# Free make-up industry seminars - New York City



## archangeli (Mar 19, 2005)

I was at the USITT Stage Expo today and one of the booths was makeupschool.com

I checked out their website and their New York school is offering some free seminars this spring. 

http://www.mud.edu/seminars.html

Hope someone finds this info useful


----------



## mrsdivajen (Mar 20, 2005)

if ONLY I lived in NY!! I've been looking everywhere for good makeup seminars!


----------



## PnkCosmo (Mar 28, 2005)

Quote:

   Originally Posted by *mrsdivajen* 
_if ONLY I lived in NY!! I've been looking everywhere for good makeup seminars!_

 
No kidding!!

Too far for me.


----------



## archangeli (Apr 2, 2005)

Does anyone here watch America's Next Top Model??!!! 

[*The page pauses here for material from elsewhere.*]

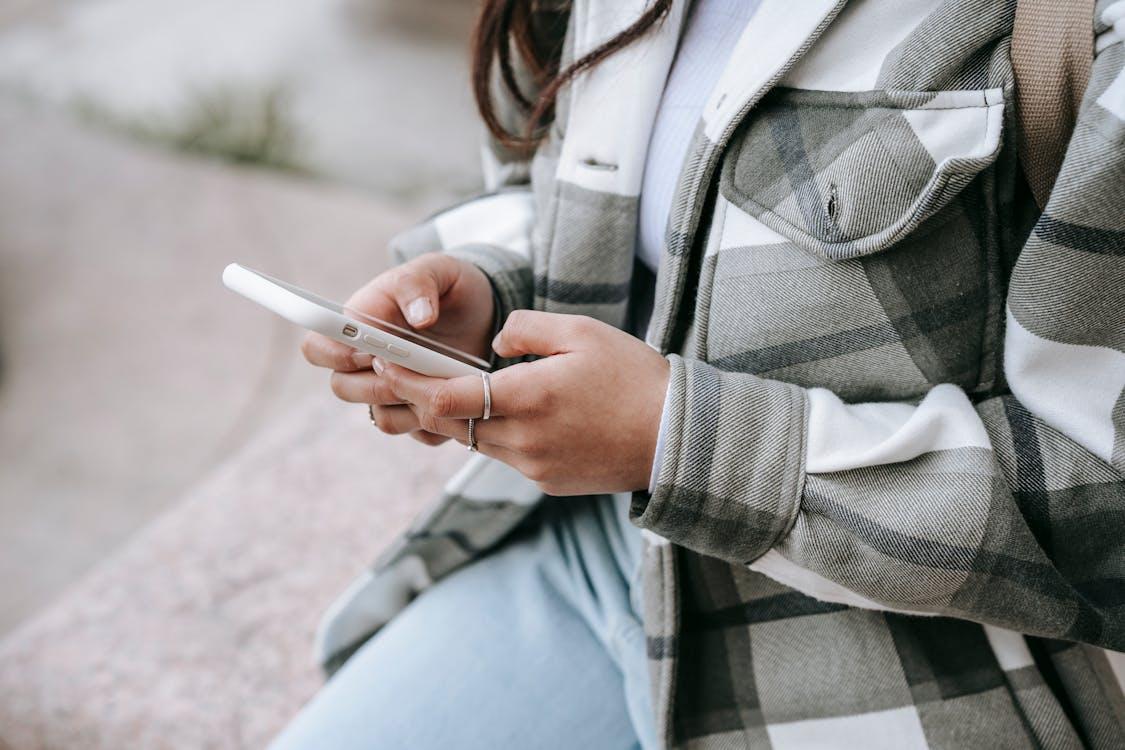 Free Crop anonymous young woman in casual outfit sitting on stone fence and text messaging on phone in daytime Stock Photo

The girls visited the MUD on last week's episode. I actually met the education director (the guy helping Mr. Jay) - Paul. He was at the convention *points to my first post* Teehee... was a tad surprised since when I was talking to him I though he was just a rep or seomthing.


----------



## lenjhn (Apr 8, 2005)

I wish things like this would start being held in Atlanta!  Us southerners enjoy makeup too.


----------